The RBI Rules: Three Different Limits You Need to Know
The Reserve Bank of India has three separate limits that apply when you're taking money out of India. They sound similar but work differently. Let me break them down.
Limit 1: Indian Rupee Cash - ₹25,000 Maximum
You can carry a maximum of ₹25,000 in Indian Rupee notes out of India. This is a hard limit set by the RBI. No exceptions for "but I'm going shopping."
But here's the practical reality: Indian Rupees are useless in Vietnam. No Vietnamese store accepts INR. Money changers in Ho Chi Minh City or Hanoi won't exchange them. The only reason to carry any INR at all is for spending at the Indian airport before departure or after you land back home.
My recommendation: carry ₹5,000-10,000 in INR for Indian airport expenses (food, taxi, lounge access if your card doesn't cover it). Leave the rest in your bank account.

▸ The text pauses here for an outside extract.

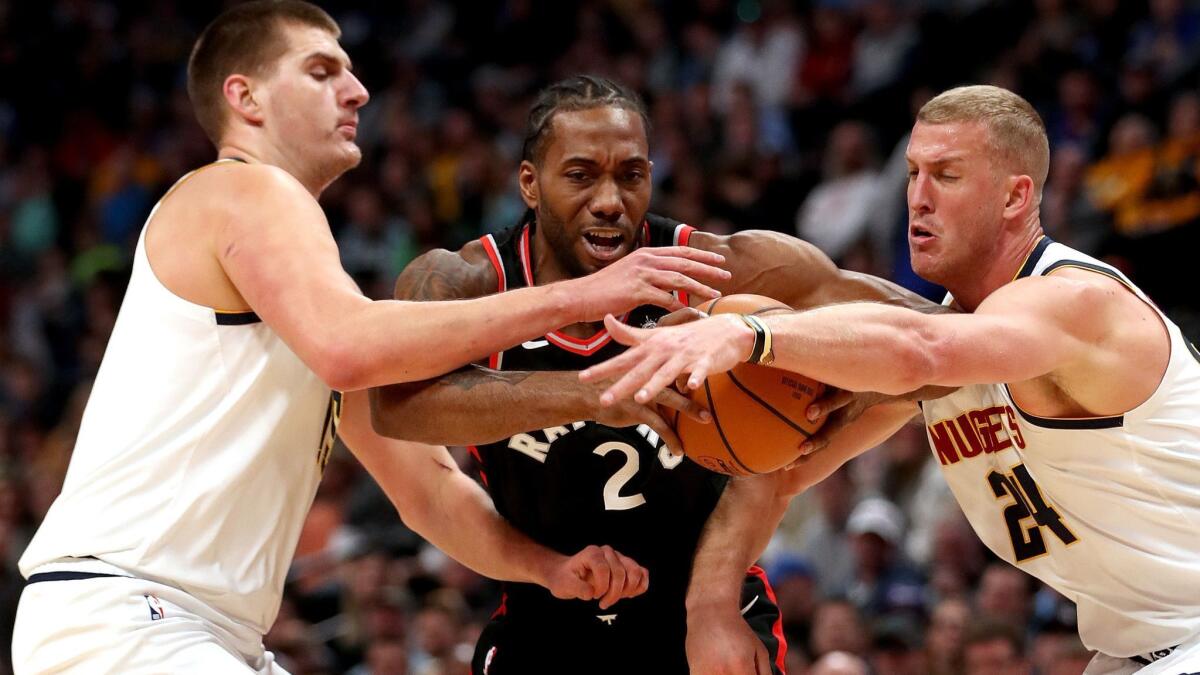 Nuggets big men Nikola Jokic, left, and Mason Plumlee, right try to stop a drive by Raptors forward Kawhi Leonard on Sunday.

| What | Limit | Practical Use in Vietnam | |------|-------|-------------------------| | Indian Rupee notes | ₹25,000 maximum | None - INR not accepted in Vietnam | | Coins | No limit technically, but why | Zero | | Old ₹500/₹2000 notes | Valid notes only | N/A |
Limit 2: Foreign Currency Cash - $3,000 USD Equivalent
You can carry up to $3,000 USD (or equivalent in other foreign currencies) in physical cash notes out of India. Beyond $3,000, the excess must be in non-cash forms - forex cards, traveler's cheques, or bank drafts.
$3,000 USD is approximately ₹2,50,000 or about 77,400,000₫. That's enough to buy a MacBook Air M4 and an iPhone 16 Pro in cash at any Vietnamese Apple retailer. For most Apple shopping trips, you won't need more than $3,000 in physical cash.

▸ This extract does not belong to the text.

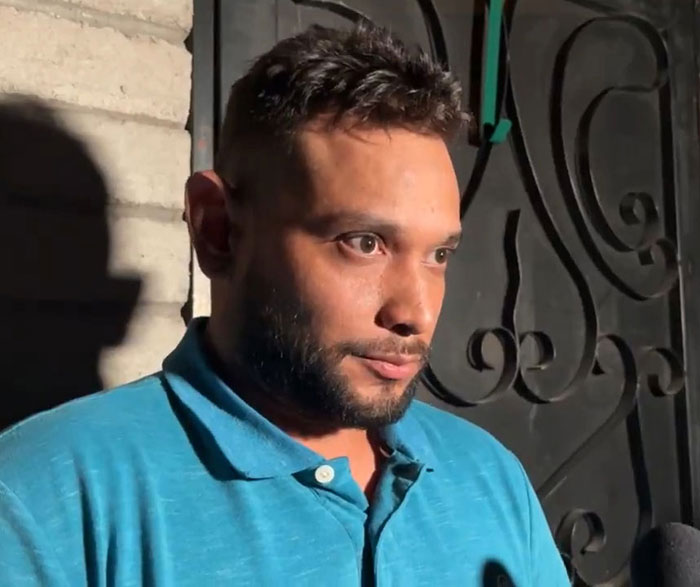 Man detained in connection with Nancy Guthrie kidnapping speaking during an interview in a blue polo shirt.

But should you carry USD cash? Honestly, not much. Here's why:
- Exchanging USD to VND at money changers in Vietnam costs you 1-3% in spread
- Paying directly in USD at stores gets you a worse exchange rate (stores set their own USD rate, typically 3-5% unfavorable)

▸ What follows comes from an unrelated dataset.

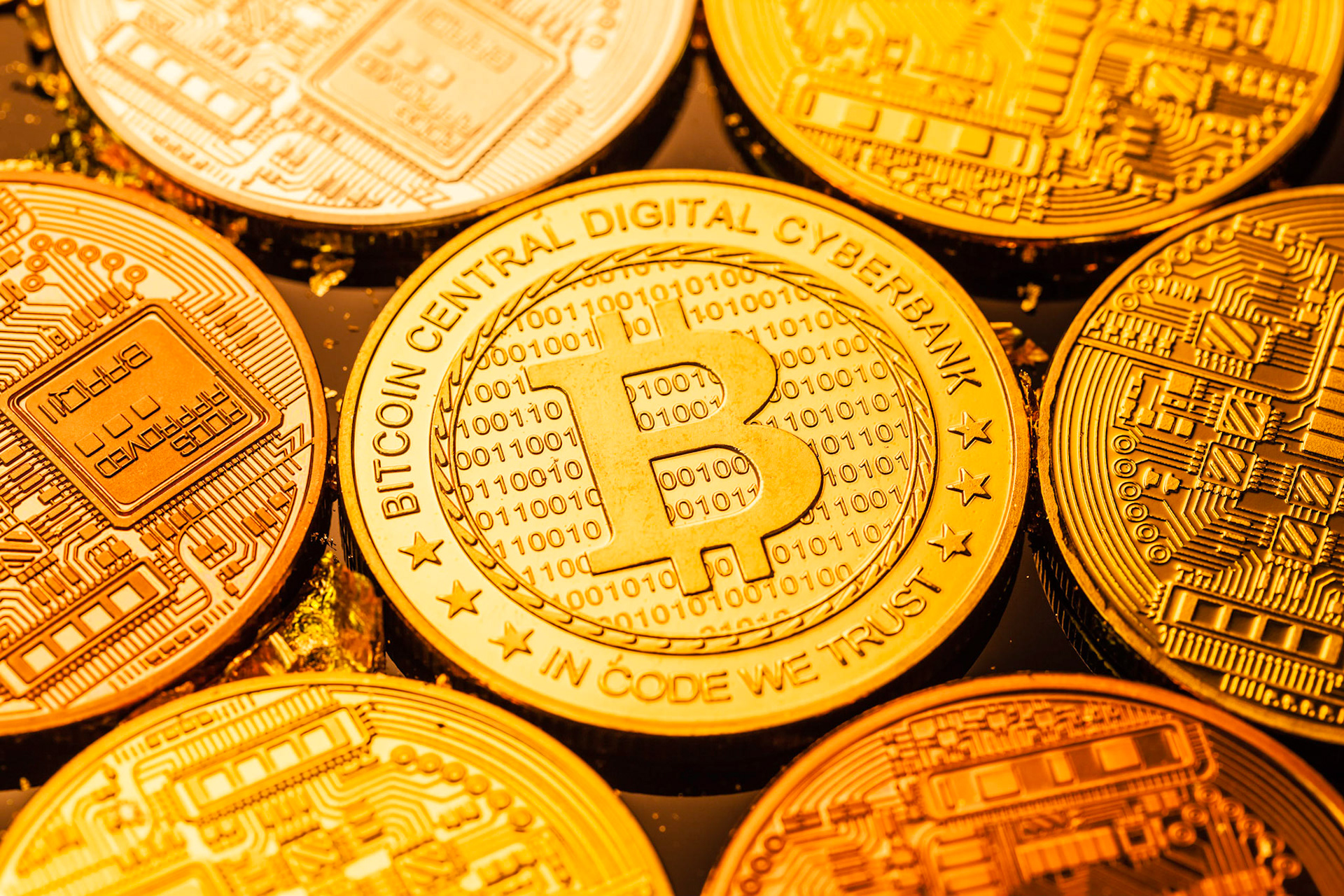 Studio shot of multiple bitcoin physical golden coins on a dark background with gold flakes. Bitcoin is a blockchain crypto currency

- A zero-forex card like Niyo or Fi gives you the Visa wholesale rate - close to mid-market, better than any cash exchange
Pro tip: Carry $200-300 USD as emergency backup. Use your forex card for the actual Apple purchase. The cash is there for the "what if my card doesn't work" scenario, not as your primary payment method.
Limit 3: Total Foreign Exchange (LRS) - $250,000 Per Year
The big number. Under RBI's Liberalised Remittance Scheme (LRS), every Indian resident can take up to $250,000 per financial year (April to March) out of India in foreign exchange. This covers everything - cash, forex cards, international card spending, wire transfers, all combined.
$250,000 is approximately ₹2,12,50,000. You could buy about 24 MacBook Air M4s with that amount. Unless you're stocking a small electronics store, the LRS limit won't be your bottleneck.
Important: The $250,000 is per person. Traveling with your spouse? You each get $250,000. A couple can technically take $500,000 worth of foreign exchange out of India in a year. But again - for an Apple shopping trip costing ₹1-3 lakh, you're using a tiny fraction of this.
The India Forex Limit Vietnam Trip: Step-by-Step What to Do
Let me walk you through exactly how I handle the money side of a Vietnam Apple shopping trip. This is the practical version of the RBI rules.
Before Your Trip (1-2 Weeks Out)
- Get a zero-forex card if you don't have one. Niyo Global or Fi Money are the fastest to set up. Check our forex card comparison for details.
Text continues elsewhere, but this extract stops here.